Widgets and Controls perform very different tasks and are of varying complexity. In many cases only the event bus is needed as communication interface and all logic is contained within the implementation of an artifact.

Preliminary readings:

However, sooner or later one will come to a point, where third party libraries are useful or even necessary for a widget or control, or where own code should be extracted into a separate library. When using such external dependencies, it is never a good idea to assume a specific location for it. Instead, a widget should add a dependency to an according named module, where the actual location of a module can then be configured independently by using the configuration API of RequireJS.

The One-File-Fits-All Way

The most common way to configure RequireJS is by adding all necessary entries to the require_config.js file within the root folder of the application. Everything configured there will be used when loading widget and control AMD modules. If, for example, a widget needs a special library to fulfill its task, this library can be configured as a module in there and the widget will have access to it via the normal AMD module definition syntax.

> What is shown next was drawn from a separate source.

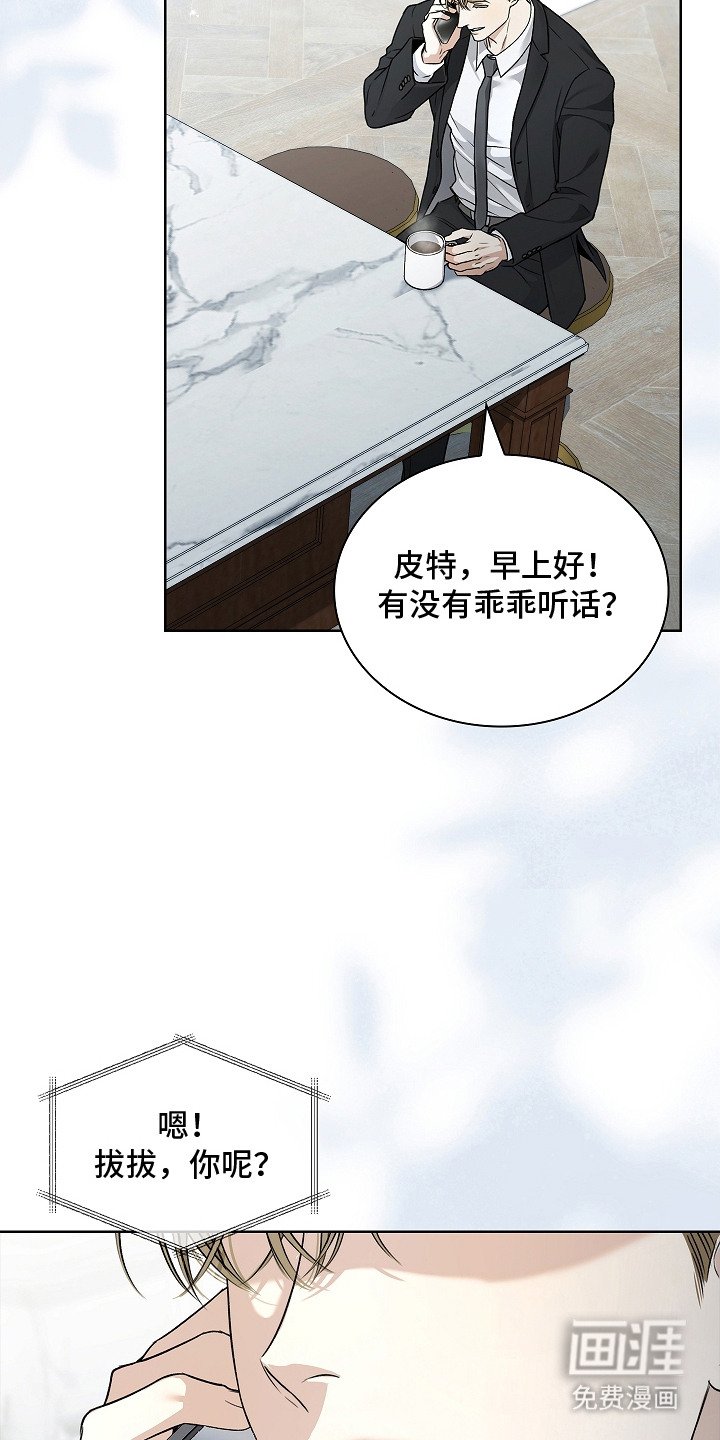 第13章：条款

Although this will work and may be sufficient for small projects where custom widgets are tightly coupled to the application, this adds complexity when attempting to share widgets or controls. In this case every developer who wants to use that artifact in his application, has to know about these requirements and adjust the require_config.js of his application accordingly. As if this isn't worse enough, over time this global configuration will grow and probably become a maintenance hell.

The Individual Way

To solve this problem, LaxarJS supports placing RequireJS configuration locally within a widget or control directory. All configuration that is specific to an artifact and not already satisfied by the configuration of the application can then be placed there. Since RequireJS does not support this out-of-the-box, LaxarJS implements the support for distributed configuration itself during the build process.

How it works

The magic happens inside the grunt-laxar grunt tasks: Running the laxar-build task now also triggers running the laxar-merge-require-config task. This task walks through all widget and control directories reachable from a flow, collects all require_config.js files and merges them with the application specific require_config.js found in the root directory of the application. The result will be written under the folder for generated flow artifacts (e.g. var/flows/main/require_config.js for a flow called main).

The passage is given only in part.